::: Records provided
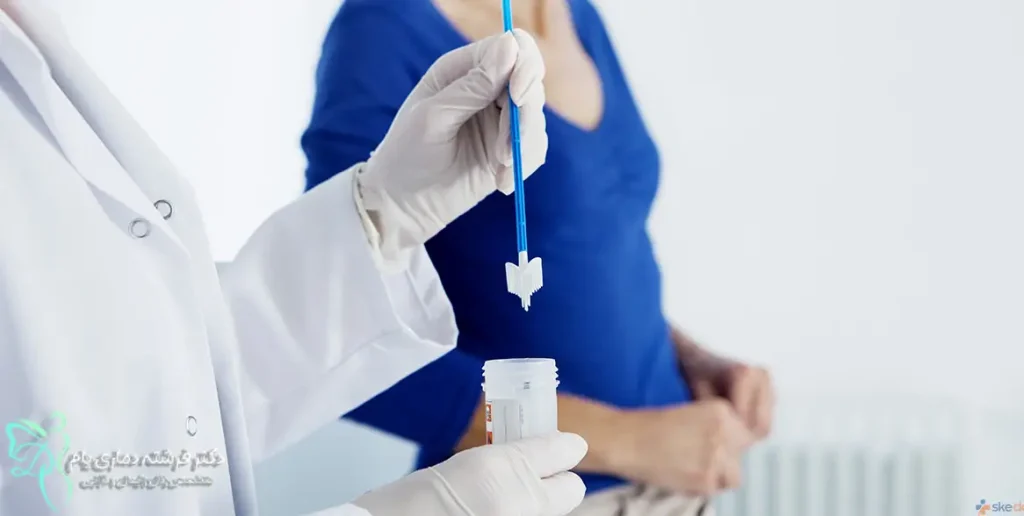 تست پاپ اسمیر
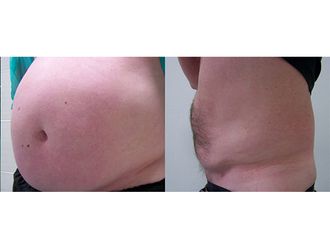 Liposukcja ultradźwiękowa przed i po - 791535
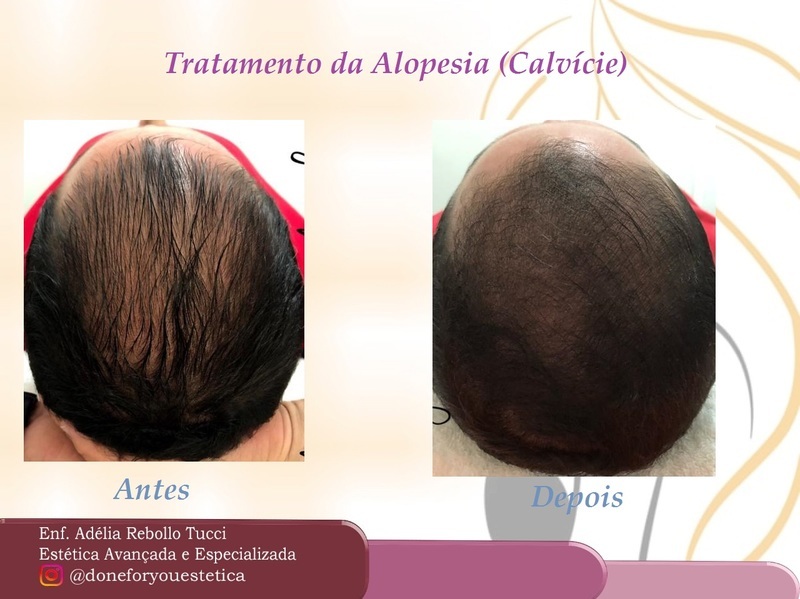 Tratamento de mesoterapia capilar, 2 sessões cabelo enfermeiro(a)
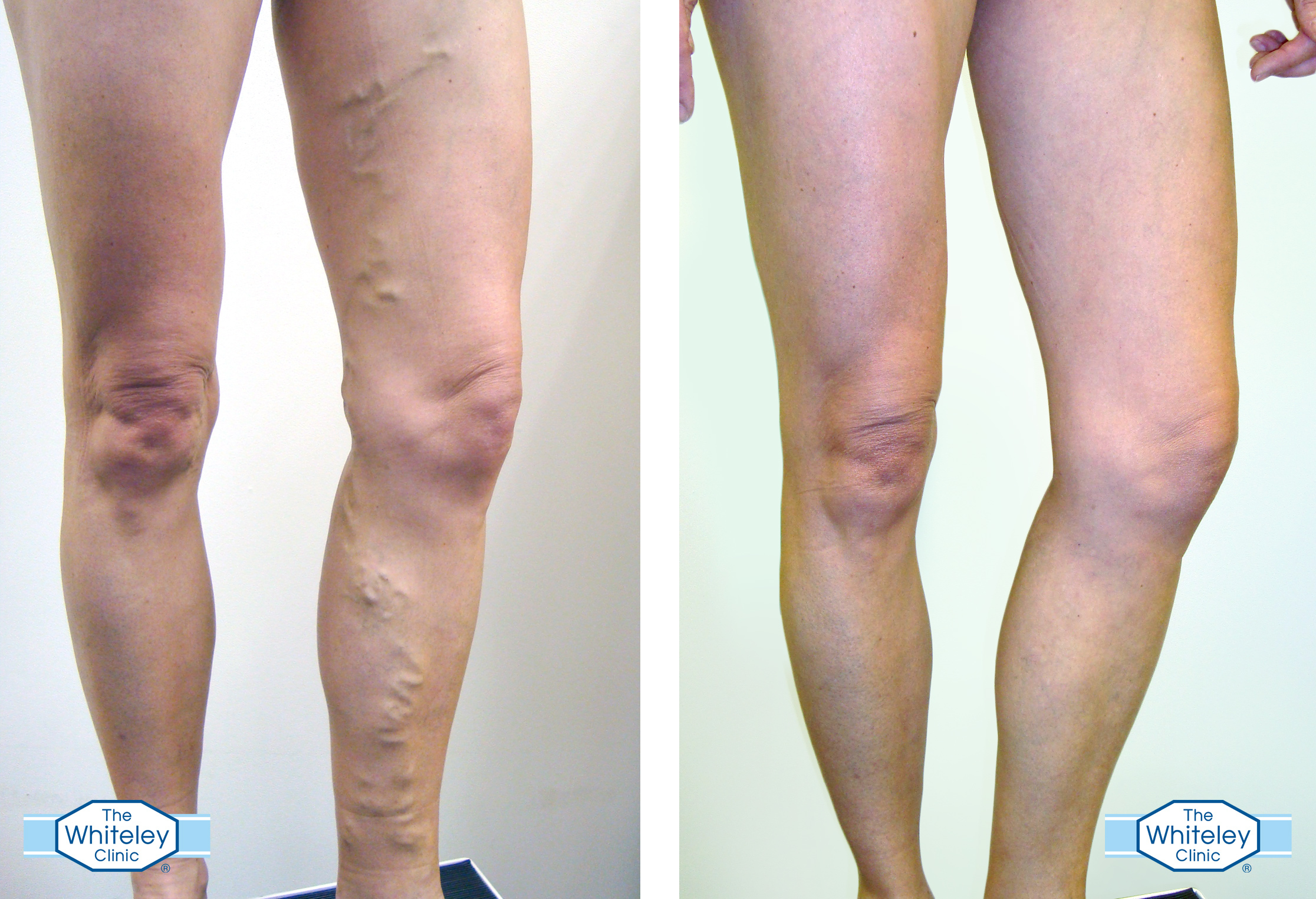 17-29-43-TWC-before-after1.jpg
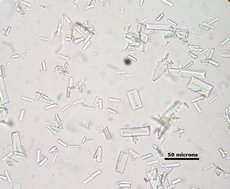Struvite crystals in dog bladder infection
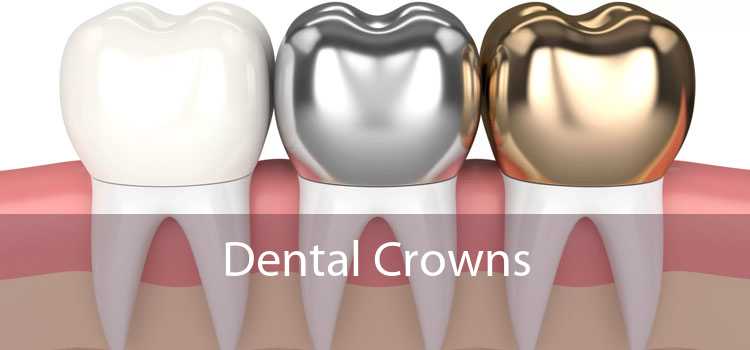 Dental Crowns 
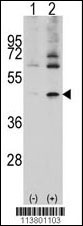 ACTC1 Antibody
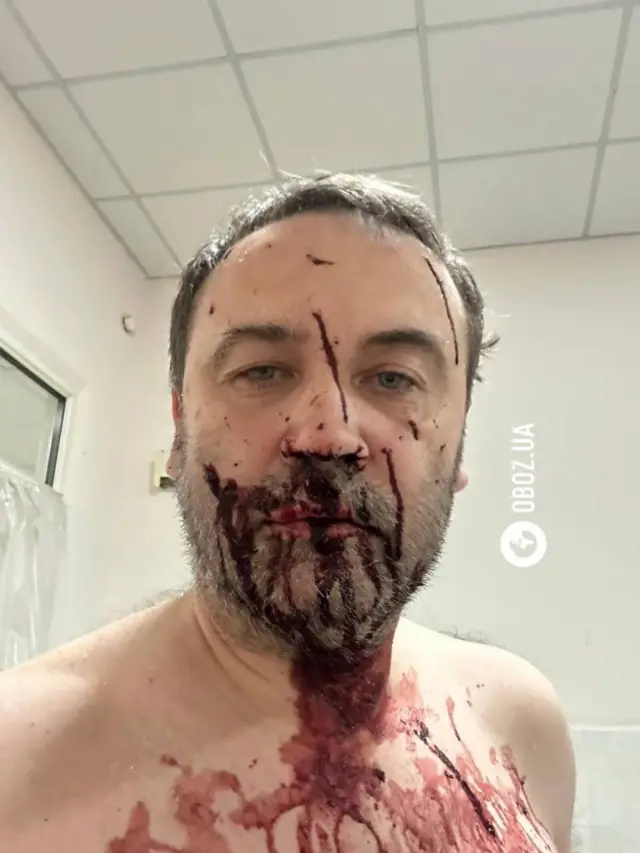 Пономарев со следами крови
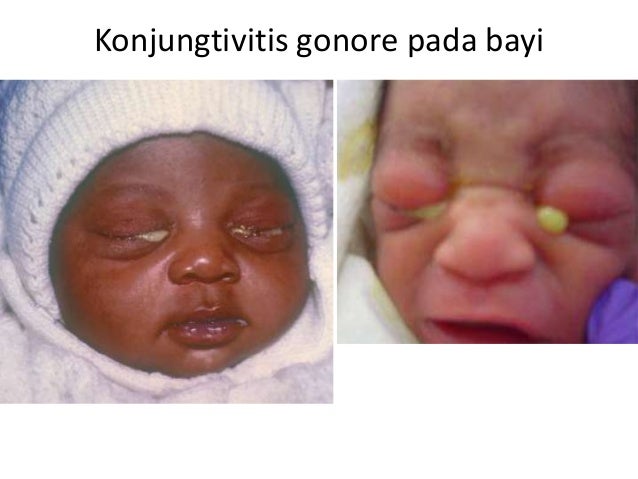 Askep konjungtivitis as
::::::
::: Records provided
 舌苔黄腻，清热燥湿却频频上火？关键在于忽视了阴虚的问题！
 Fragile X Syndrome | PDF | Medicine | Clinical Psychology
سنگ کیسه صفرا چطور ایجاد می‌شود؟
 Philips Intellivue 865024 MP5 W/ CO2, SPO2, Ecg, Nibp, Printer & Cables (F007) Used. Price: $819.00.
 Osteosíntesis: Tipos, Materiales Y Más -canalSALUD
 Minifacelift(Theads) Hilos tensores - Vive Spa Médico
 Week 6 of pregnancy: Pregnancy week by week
::::::
Copy word for word the lines above, starting at the line containing "Пономарев со следами крови" and ending at the line containing "Askep konjungtivitis as", inclusive, with no pictures.

 Пономарев со следами крови
 Askep konjungtivitis as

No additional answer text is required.